Stiles, J.— A very earnest petition for a re-hearing has been filed in this case, with a view to obviating what was *275said in the opinion concerning the power of the board of public works to contract for repairs in addition to the contract for the improvement. Two cases are cited from New York, one of which, People v. Maher, 9 N. Y. Supp. 94, seems to sustain the view taken by this court. The other, Schenectady v. Trustees of Union College, 21 N. Y. Supp. 147, it is claimed states a case like the one at bar and holds to the contrary. The contract in that case was, that the work should be done in such a manner that no repairs would be needed for five years, and that if any should be required the contractor would make them. This was held to be a mere guaranty of the quality of the work, and therefore not within People v. Maher, where the contract was precisely like the one before us. Both of these cases were decided in the third department of the supreme court of New York, but by different judges, and the latter does not undertake to deny the authority of the former. The principle adopted by us was right, and we adhere to it.

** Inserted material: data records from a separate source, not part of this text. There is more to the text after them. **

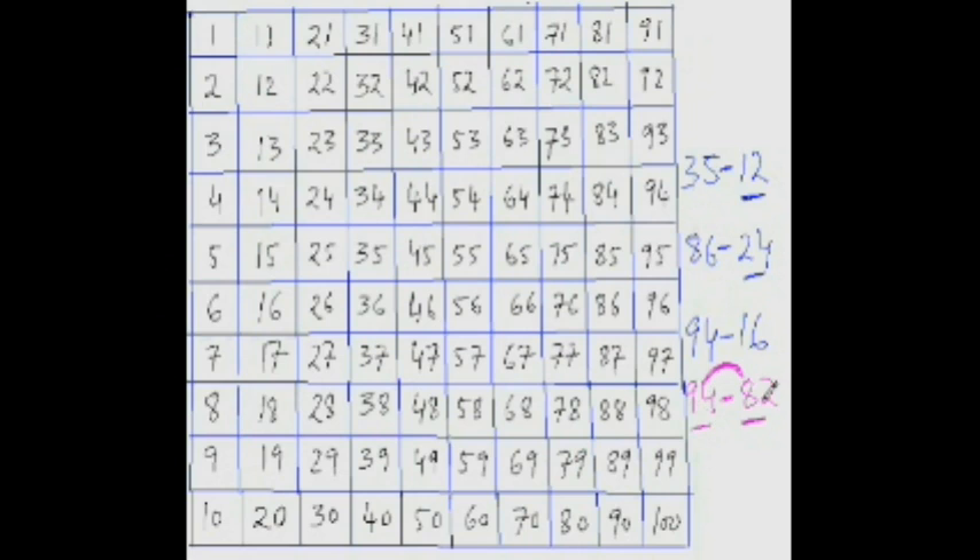So from 82, jump up 10 to get 92, and 92 plus 2 is 94. The answer is 12. Look: from 82, jump up 10 to reach 92, then 93, 94 — so it is 10 plus 2, which is 12. Whenever the number being subtracted is large and the gap between the two numbers is not much, it is always better to jump up 10 rather than down.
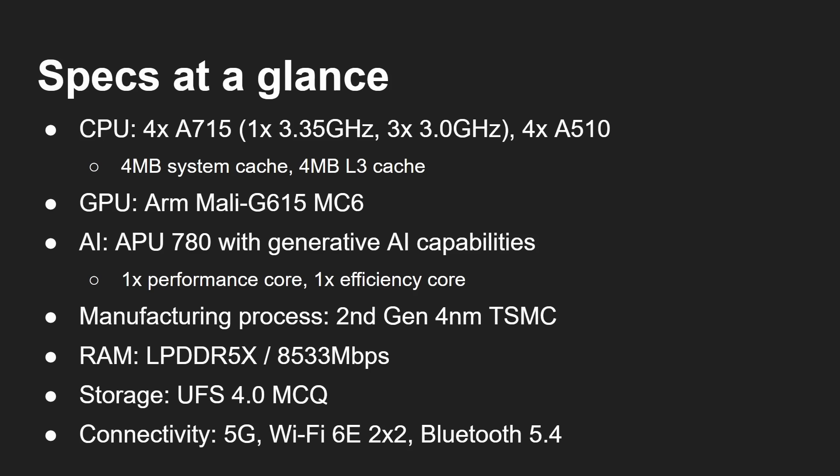Other things worth mentioning: the RAM has been upgraded to LPDDR5X with a top throughput of 8,533 megabits per second. There's also UFS 4.0. On the connectivity front, you've got 5G, Wi-Fi 6E with two-by-two, and Bluetooth 5.4.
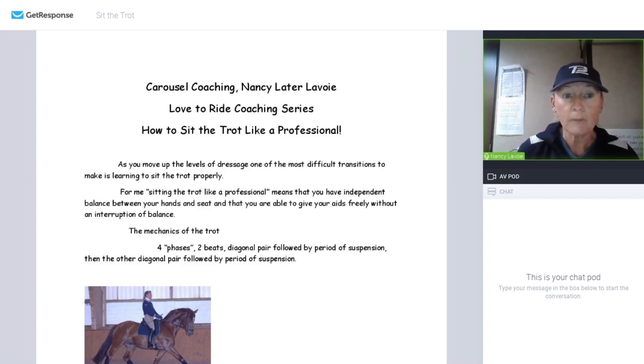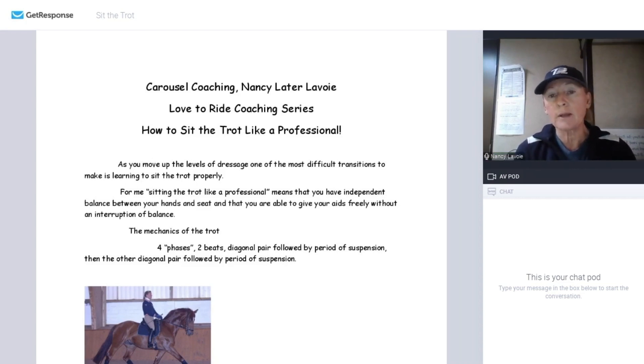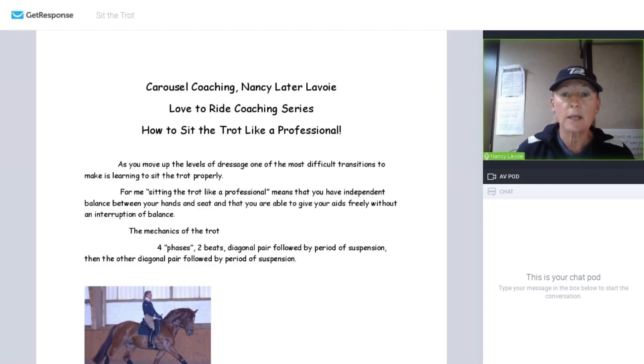When I say 'sitting the trot like a professional,' what I mean is that you are actually keeping your seat, your legs, and your reins independent from each other. I'm not talking about how it looks — that you look like a professional. Of course that's going to happen as you become more and more fluent.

The anxiety of counsel in this matter seems to be directed to a large body of warrants which have been issued in payment of other like improvements in the city of Tacoma, where the contracts were made by the board in the same way, but where assessments are not due; but it is evident that the provisions of the act of March 9, 1893, Laws, p. 226, on the subject of reassessments, have been overlooked, and that the anticipated danger is more fancied than real. Certainly, if that act can have any force, the actual value of any improvement made, where there was jurisdiction to make it at the expense of abutting property, can be reassessed.
Petition denied.
Dunbar, C. J, and Anders and Scott, JJ., concur.